======== Records for the exercise ========
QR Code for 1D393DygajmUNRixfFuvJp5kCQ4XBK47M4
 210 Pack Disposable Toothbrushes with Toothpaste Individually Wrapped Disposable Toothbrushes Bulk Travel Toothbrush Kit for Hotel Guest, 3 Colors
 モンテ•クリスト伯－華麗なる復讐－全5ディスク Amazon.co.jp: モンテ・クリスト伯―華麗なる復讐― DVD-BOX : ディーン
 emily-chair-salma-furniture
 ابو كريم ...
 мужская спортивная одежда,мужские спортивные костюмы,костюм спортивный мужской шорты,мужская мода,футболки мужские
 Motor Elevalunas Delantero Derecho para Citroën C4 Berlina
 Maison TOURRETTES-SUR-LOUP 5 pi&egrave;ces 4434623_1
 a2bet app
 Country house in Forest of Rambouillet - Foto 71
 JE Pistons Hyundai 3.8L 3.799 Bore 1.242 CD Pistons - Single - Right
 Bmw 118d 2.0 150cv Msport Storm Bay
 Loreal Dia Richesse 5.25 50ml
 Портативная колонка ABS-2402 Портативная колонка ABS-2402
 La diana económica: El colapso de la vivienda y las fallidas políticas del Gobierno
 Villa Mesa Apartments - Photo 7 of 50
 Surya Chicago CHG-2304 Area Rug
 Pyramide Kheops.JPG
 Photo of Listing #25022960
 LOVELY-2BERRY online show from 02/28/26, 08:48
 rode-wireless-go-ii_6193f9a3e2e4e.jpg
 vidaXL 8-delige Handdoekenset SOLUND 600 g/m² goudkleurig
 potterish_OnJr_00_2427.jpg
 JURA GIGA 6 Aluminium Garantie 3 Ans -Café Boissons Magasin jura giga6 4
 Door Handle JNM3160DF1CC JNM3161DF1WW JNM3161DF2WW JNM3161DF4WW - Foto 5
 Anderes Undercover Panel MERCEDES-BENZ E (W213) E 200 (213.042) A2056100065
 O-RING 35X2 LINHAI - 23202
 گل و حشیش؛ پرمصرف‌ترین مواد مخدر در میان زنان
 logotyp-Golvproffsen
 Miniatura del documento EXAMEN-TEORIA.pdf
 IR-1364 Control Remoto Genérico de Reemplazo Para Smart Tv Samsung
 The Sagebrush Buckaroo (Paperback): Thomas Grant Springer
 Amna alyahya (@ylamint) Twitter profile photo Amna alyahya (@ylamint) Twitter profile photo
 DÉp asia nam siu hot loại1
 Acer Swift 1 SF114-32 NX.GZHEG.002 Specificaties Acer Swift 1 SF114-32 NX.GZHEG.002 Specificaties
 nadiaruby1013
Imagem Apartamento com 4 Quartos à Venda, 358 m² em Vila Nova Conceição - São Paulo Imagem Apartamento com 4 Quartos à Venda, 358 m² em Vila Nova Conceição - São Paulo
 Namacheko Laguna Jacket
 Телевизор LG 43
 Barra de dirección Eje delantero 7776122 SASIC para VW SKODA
========
» **Problem**
Reproduce each line above that contains "Foto".

» **Answer section**
 Country house in Forest of Rambouillet - Foto 71
 Door Handle JNM3160DF1CC JNM3161DF1WW JNM3161DF2WW JNM3161DF4WW - Foto 5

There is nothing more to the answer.